One range is to be output from the listing below, exactly as written: the line with "Casque audio Maestro" to the line with "Stephen Hawking\'in Ölümü", both kept.

***** Data section

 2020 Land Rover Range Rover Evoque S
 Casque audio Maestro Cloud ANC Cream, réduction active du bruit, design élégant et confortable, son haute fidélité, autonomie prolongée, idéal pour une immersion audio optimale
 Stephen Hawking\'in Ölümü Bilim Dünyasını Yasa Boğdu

**********
***** Data section

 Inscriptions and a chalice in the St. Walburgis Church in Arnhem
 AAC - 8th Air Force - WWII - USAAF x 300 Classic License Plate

**********

# Problem solution:
 Casque audio Maestro Cloud ANC Cream, réduction active du bruit, design élégant et confortable, son haute fidélité, autonomie prolongée, idéal pour une immersion audio optimale
 Stephen Hawking\'in Ölümü Bilim Dünyasını Yasa Boğdu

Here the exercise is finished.